Datasets¶

formed.integrations.datasets.workflow ¶

Workflow steps for Hugging Face Datasets integration.

This module provides workflow steps for loading, processing, and manipulating datasets using the Hugging Face Datasets library.

Available Steps

datasets::load: Load a dataset from disk or the Hugging Face Hub.
datasets::compose: Compose multiple Dataset objects into a DatasetDict.
datasets::concatenate: Concatenate multiple datasets into a single dataset.
datasets::train_test_split: Split a dataset into train and test sets.

DatasetFormat ¶

Bases: Generic[DatasetOrMappingT], Format[DatasetOrMappingT]

identifier `property` ¶

identifier

Get the unique identifier for this format.

RETURNS	DESCRIPTION
`str`	Format identifier string.

write ¶

write(artifact, directory)

Source code in src/formed/integrations/datasets/workflow.py

def write(self, artifact: DatasetOrMappingT, directory: Path) -> None:
    if isinstance(artifact, Mapping):
        for key, dataset in artifact.items():
            dataset.save_to_disk(str(directory / f"data.{key}"))
    else:
        artifact.save_to_disk(str(directory / "data"))

read ¶

read(directory)

Source code in src/formed/integrations/datasets/workflow.py

def read(self, directory: Path) -> DatasetOrMappingT:
    if (directory / "data").exists():
        return cast(DatasetOrMappingT, datasets.load_from_disk(str(directory / "data")))
    return cast(
        DatasetOrMappingT,
        {datadir.name[5:]: datasets.load_from_disk(str(datadir)) for datadir in directory.glob("data.*")},
    )

is_default_of `classmethod` ¶

is_default_of(obj)

Check if this format is the default for the given object type.

PARAMETER	DESCRIPTION
`obj`	Object to check. TYPE: `Any`

RETURNS	DESCRIPTION
`bool`	True if this format should be used by default for this type.

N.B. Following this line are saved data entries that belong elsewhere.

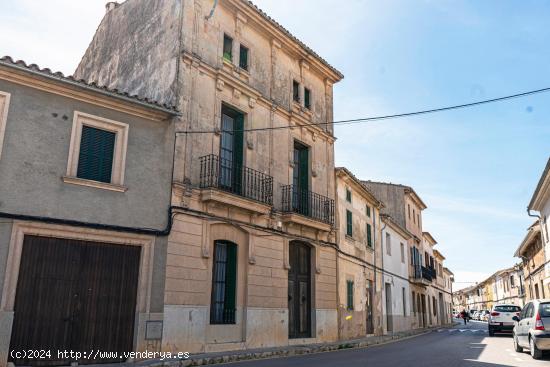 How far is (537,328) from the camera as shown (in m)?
11.5

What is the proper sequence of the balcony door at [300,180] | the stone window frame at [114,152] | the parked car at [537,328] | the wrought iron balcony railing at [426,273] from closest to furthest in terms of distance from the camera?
1. the stone window frame at [114,152]
2. the parked car at [537,328]
3. the balcony door at [300,180]
4. the wrought iron balcony railing at [426,273]

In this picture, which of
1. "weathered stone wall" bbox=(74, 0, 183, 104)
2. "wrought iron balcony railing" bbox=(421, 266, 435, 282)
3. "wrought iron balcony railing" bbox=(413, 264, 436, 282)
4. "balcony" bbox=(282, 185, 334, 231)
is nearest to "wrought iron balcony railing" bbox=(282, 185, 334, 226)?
"balcony" bbox=(282, 185, 334, 231)

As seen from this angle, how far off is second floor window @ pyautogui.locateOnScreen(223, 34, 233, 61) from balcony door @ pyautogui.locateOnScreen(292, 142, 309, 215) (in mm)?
4296

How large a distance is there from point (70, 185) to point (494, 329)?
21.1m

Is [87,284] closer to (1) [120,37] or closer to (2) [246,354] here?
(2) [246,354]

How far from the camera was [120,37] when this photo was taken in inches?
623

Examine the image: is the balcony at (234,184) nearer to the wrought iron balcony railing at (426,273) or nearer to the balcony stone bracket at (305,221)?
the balcony stone bracket at (305,221)

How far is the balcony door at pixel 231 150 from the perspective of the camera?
1409 cm

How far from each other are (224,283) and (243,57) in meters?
7.10

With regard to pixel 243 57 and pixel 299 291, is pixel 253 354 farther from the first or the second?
pixel 243 57

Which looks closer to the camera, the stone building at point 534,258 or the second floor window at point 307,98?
the second floor window at point 307,98

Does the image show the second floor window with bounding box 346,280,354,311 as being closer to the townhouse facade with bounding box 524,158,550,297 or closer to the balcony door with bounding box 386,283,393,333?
the balcony door with bounding box 386,283,393,333

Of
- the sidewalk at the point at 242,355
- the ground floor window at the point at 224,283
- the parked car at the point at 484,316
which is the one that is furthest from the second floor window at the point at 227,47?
the parked car at the point at 484,316

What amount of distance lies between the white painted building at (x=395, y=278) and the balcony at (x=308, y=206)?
31.2ft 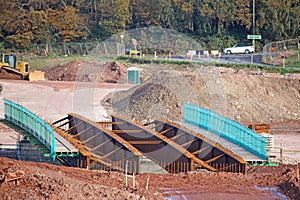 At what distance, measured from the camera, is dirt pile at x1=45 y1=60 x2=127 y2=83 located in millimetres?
43750

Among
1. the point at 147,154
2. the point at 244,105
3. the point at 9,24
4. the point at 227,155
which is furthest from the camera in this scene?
the point at 9,24

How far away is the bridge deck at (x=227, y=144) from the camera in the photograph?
63.4 ft

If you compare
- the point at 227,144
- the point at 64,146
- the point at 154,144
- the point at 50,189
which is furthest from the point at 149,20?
the point at 50,189

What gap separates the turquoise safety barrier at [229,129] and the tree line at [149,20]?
38.4 m

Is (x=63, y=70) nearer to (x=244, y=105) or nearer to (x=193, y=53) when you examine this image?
(x=193, y=53)

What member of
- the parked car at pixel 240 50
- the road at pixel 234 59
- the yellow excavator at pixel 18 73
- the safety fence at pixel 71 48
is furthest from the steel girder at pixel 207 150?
the parked car at pixel 240 50

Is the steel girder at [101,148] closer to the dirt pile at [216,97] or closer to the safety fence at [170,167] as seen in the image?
the safety fence at [170,167]

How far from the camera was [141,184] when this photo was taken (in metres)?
17.3

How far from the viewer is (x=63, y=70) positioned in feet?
155

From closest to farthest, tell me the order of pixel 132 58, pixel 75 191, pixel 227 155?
pixel 75 191 < pixel 227 155 < pixel 132 58

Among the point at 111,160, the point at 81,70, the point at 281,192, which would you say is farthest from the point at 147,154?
the point at 81,70

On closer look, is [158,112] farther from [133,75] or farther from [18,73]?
[18,73]

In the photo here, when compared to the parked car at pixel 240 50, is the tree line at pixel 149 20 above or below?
above

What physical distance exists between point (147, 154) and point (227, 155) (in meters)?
2.65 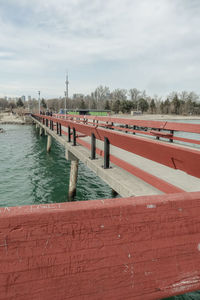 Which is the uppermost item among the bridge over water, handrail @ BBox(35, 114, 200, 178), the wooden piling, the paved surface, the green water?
handrail @ BBox(35, 114, 200, 178)

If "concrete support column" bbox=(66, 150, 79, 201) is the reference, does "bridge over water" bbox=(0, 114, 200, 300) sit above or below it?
above

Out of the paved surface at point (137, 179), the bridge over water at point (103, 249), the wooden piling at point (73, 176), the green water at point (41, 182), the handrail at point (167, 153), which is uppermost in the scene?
the handrail at point (167, 153)

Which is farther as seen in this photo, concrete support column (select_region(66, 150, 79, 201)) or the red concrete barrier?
concrete support column (select_region(66, 150, 79, 201))

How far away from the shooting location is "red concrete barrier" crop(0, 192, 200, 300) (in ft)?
2.69

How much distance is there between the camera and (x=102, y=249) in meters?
0.91

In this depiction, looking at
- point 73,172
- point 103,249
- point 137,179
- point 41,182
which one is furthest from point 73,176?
point 103,249

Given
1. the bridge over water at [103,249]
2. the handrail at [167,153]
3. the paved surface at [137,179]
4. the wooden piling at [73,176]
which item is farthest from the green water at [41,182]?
the bridge over water at [103,249]

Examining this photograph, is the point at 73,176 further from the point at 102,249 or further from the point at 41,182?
the point at 102,249

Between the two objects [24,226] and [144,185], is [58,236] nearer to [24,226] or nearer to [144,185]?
[24,226]

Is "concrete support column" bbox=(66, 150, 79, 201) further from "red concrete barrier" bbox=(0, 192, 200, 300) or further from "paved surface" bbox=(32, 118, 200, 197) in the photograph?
"red concrete barrier" bbox=(0, 192, 200, 300)

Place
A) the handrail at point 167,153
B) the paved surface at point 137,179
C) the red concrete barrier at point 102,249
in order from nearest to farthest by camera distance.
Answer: the red concrete barrier at point 102,249, the handrail at point 167,153, the paved surface at point 137,179

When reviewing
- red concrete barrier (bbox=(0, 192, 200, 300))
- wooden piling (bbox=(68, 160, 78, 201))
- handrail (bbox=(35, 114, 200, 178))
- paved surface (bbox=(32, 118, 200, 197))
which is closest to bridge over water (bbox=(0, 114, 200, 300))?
red concrete barrier (bbox=(0, 192, 200, 300))

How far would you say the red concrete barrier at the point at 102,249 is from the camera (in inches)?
32.3

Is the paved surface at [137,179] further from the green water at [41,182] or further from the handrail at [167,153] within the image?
the green water at [41,182] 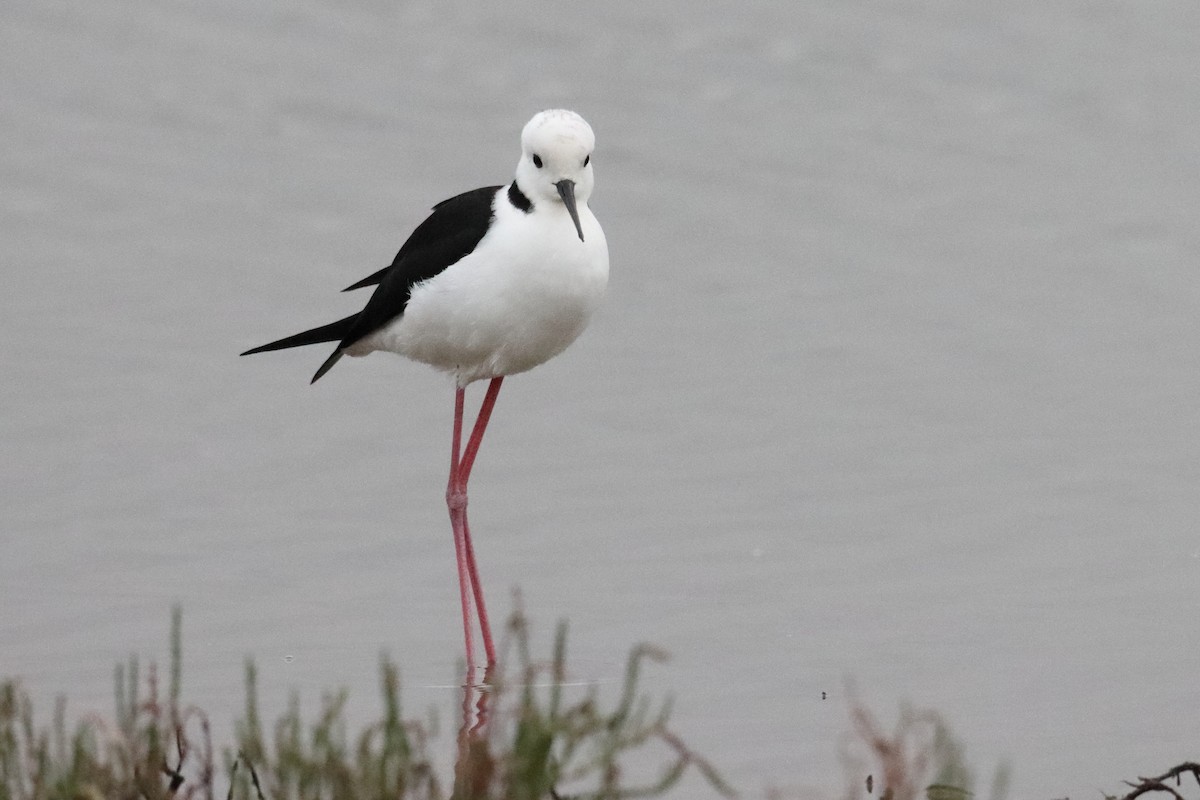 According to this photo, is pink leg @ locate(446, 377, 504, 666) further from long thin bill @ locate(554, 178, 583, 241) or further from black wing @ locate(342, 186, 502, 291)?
long thin bill @ locate(554, 178, 583, 241)

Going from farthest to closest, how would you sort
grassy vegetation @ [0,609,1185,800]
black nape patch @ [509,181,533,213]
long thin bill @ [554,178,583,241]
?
1. black nape patch @ [509,181,533,213]
2. long thin bill @ [554,178,583,241]
3. grassy vegetation @ [0,609,1185,800]

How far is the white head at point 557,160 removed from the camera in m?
6.09

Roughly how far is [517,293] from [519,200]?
0.28 m

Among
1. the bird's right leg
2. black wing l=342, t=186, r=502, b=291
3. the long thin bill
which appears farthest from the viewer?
the bird's right leg

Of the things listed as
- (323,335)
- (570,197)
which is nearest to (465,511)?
(323,335)

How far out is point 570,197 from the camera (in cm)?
611

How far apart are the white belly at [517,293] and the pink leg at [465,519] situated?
54 centimetres

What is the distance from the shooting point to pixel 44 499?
8312 millimetres

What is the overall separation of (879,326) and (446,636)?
376 cm

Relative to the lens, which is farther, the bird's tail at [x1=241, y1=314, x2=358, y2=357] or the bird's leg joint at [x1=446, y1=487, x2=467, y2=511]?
the bird's leg joint at [x1=446, y1=487, x2=467, y2=511]

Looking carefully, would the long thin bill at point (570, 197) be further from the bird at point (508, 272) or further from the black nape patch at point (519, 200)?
the black nape patch at point (519, 200)

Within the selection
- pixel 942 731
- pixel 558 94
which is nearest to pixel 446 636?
pixel 942 731

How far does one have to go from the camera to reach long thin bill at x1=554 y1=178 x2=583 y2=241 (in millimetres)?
6043

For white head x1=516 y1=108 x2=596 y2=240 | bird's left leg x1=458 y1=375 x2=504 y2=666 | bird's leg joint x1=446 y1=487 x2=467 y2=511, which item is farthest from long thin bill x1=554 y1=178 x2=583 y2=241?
bird's leg joint x1=446 y1=487 x2=467 y2=511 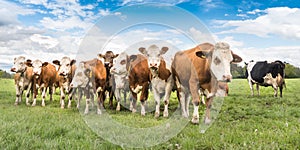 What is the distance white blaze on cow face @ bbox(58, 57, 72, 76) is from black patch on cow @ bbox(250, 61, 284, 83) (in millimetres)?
12200

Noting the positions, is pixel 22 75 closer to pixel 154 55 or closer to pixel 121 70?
pixel 121 70

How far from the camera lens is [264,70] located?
58.9 feet

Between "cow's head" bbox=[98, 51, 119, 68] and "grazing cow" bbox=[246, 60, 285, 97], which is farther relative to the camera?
"grazing cow" bbox=[246, 60, 285, 97]

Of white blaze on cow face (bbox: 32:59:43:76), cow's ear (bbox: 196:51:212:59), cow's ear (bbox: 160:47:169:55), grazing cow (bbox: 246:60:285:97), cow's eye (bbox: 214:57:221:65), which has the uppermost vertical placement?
cow's ear (bbox: 160:47:169:55)

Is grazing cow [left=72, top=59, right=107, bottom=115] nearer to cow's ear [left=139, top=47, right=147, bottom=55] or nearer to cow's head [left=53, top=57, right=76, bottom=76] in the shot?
cow's head [left=53, top=57, right=76, bottom=76]

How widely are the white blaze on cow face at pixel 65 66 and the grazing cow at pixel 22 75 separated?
7.04 feet

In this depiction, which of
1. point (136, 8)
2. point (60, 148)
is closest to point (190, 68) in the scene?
point (136, 8)

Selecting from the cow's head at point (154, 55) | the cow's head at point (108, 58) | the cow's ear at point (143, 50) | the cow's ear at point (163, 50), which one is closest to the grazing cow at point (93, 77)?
the cow's head at point (108, 58)

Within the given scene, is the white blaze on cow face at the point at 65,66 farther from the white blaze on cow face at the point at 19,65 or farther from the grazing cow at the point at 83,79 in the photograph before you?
the white blaze on cow face at the point at 19,65

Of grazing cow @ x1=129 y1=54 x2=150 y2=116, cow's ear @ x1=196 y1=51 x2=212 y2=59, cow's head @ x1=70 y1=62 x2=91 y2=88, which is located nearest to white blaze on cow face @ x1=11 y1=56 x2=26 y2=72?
cow's head @ x1=70 y1=62 x2=91 y2=88

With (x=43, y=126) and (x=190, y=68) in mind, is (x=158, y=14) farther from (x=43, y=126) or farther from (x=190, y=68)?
(x=43, y=126)

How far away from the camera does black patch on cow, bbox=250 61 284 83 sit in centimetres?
1758

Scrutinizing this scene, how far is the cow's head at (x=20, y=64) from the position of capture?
12290 millimetres

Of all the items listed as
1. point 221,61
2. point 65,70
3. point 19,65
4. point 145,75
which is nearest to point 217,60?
point 221,61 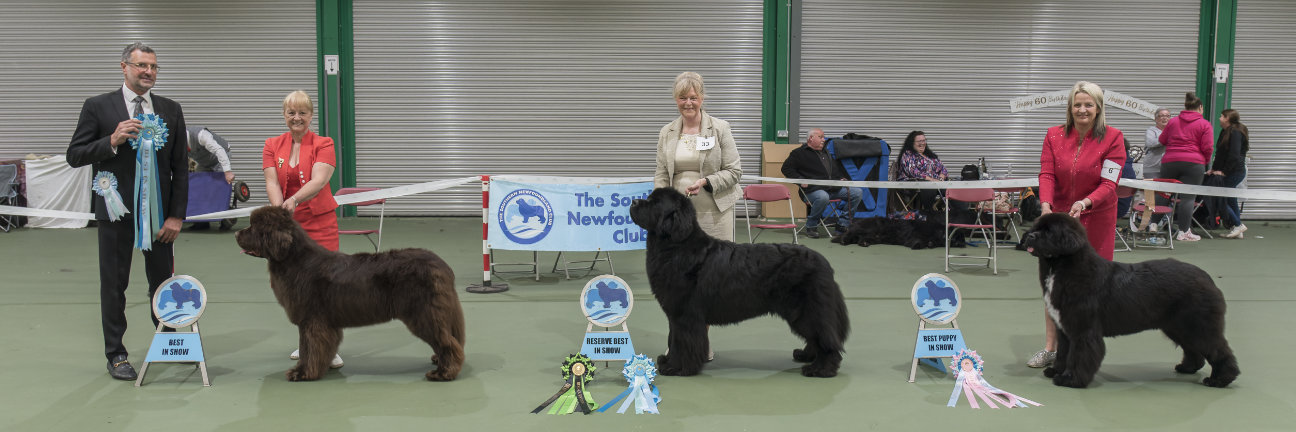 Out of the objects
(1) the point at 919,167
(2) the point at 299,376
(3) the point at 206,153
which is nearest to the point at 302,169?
(2) the point at 299,376

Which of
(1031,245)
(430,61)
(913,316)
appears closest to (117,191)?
(1031,245)

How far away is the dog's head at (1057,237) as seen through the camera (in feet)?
12.6

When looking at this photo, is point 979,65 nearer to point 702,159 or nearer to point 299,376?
point 702,159

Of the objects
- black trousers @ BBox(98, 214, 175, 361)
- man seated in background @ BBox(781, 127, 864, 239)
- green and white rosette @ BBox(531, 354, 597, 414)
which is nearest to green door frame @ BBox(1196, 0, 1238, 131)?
man seated in background @ BBox(781, 127, 864, 239)

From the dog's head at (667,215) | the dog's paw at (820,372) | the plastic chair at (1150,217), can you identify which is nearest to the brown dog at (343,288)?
the dog's head at (667,215)

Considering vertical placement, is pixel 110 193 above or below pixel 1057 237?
above

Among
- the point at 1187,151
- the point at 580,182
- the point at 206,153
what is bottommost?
the point at 580,182

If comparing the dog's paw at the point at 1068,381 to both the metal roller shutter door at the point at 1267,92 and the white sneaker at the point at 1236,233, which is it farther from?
the metal roller shutter door at the point at 1267,92

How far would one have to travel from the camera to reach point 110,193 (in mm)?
3973

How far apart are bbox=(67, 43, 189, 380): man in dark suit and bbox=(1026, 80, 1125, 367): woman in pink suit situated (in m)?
4.43

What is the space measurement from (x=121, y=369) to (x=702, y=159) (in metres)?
3.21

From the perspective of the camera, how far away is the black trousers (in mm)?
4109

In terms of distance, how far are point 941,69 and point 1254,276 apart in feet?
20.3

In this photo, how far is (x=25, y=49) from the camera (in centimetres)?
1233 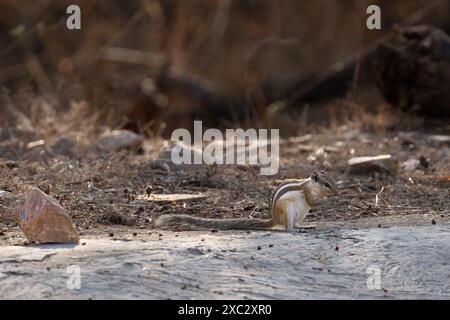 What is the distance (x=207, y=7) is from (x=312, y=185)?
1169cm

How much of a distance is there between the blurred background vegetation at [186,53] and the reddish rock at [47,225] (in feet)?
16.4

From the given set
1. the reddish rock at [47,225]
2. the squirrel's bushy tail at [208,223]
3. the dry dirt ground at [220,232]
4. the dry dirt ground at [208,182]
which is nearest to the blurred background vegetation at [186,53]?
the dry dirt ground at [208,182]

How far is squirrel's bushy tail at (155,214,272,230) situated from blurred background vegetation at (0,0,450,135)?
4.59m

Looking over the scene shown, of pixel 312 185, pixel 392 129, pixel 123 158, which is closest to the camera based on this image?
pixel 312 185

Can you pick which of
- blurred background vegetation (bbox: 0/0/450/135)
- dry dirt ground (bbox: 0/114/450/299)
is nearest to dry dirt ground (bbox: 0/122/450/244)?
dry dirt ground (bbox: 0/114/450/299)

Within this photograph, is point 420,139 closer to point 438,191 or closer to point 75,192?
point 438,191

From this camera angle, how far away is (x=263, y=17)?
61.1 ft

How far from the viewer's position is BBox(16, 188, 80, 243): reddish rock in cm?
517

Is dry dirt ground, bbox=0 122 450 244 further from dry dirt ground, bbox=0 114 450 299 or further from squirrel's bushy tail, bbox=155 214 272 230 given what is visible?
squirrel's bushy tail, bbox=155 214 272 230

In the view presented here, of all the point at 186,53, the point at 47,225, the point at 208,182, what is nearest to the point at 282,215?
the point at 47,225

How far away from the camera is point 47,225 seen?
517cm

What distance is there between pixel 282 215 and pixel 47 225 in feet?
4.91

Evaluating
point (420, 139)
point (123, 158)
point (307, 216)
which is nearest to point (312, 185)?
point (307, 216) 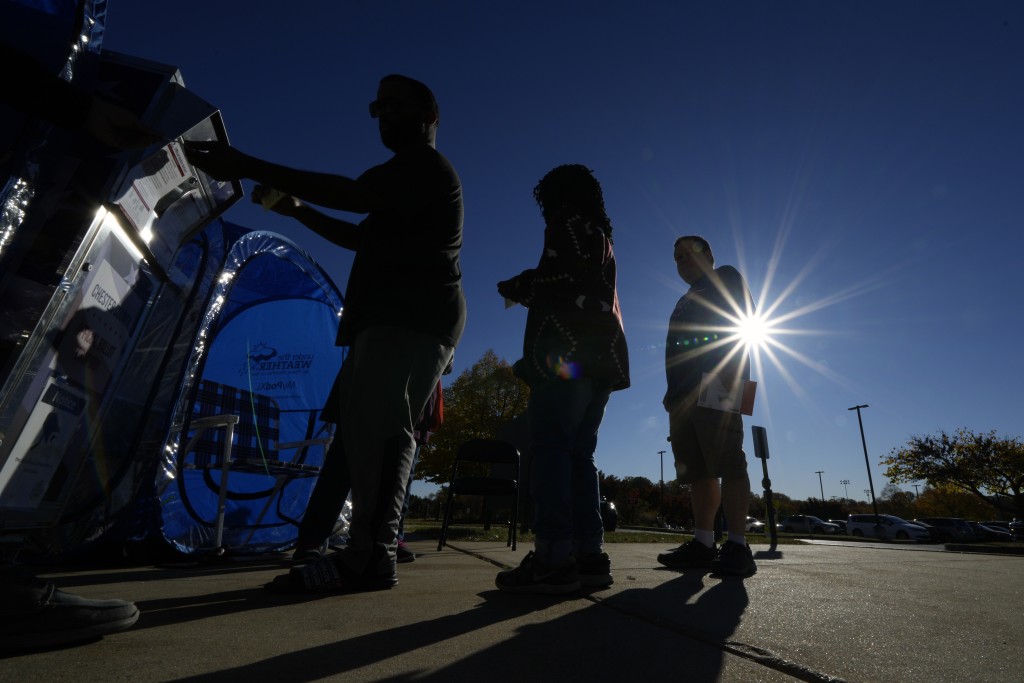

Source code in src/formed/workflow/format.py

@classmethod
def is_default_of(cls, obj: Any) -> bool:
    """Check if this format is the default for the given object type.

    Args:
        obj: Object to check.

    Returns:
        True if this format should be used by default for this type.

    """
    return False

load_dataset ¶

load_dataset(path, **kwargs)

Load a dataset from disk or the Hugging Face Hub.

This step loads a dataset from a local path or downloads it from the Hugging Face Hub. The dataset can be either a Dataset or DatasetDict.

PARAMETER	DESCRIPTION
`path`	Path to the dataset (local or remote). TYPE: `str \| PathLike`
`**kwargs`	Additional arguments to pass to `datasets.load_dataset`. TYPE: `Any` DEFAULT: `{}`

RETURNS	DESCRIPTION
`Dataset`	Loaded Dataset or DatasetDict.

RAISES	DESCRIPTION
`ValueError`	If the loaded object is not a Dataset or DatasetDict.

Source code in src/formed/integrations/datasets/workflow.py

@step("datasets::load", cacheable=False, format=DatasetFormat())
def load_dataset(
    path: str | PathLike,
    **kwargs: Any,
) -> Dataset:
    """Load a dataset from disk or the Hugging Face Hub.

    This step loads a dataset from a local path or downloads it from the
    Hugging Face Hub. The dataset can be either a Dataset or DatasetDict.

    Args:
        path: Path to the dataset (local or remote).
        **kwargs: Additional arguments to pass to `datasets.load_dataset`.

    Returns:
        Loaded Dataset or DatasetDict.

    Raises:
        ValueError: If the loaded object is not a Dataset or DatasetDict.
    """
    with suppress(FileNotFoundError):
        path = minato.cached_path(path)
    if Path(path).exists():
        dataset = datasets.load_from_disk(str(path))
    else:
        dataset = cast(Dataset, datasets.load_dataset(str(path), **kwargs))
    if not isinstance(dataset, (datasets.Dataset, datasets.DatasetDict)):
        raise ValueError("Only Dataset or DatasetDict is supported")
    return dataset

compose_datasetdict ¶

compose_datasetdict(**kwargs)

Compose multiple Dataset objects into a single DatasetDict.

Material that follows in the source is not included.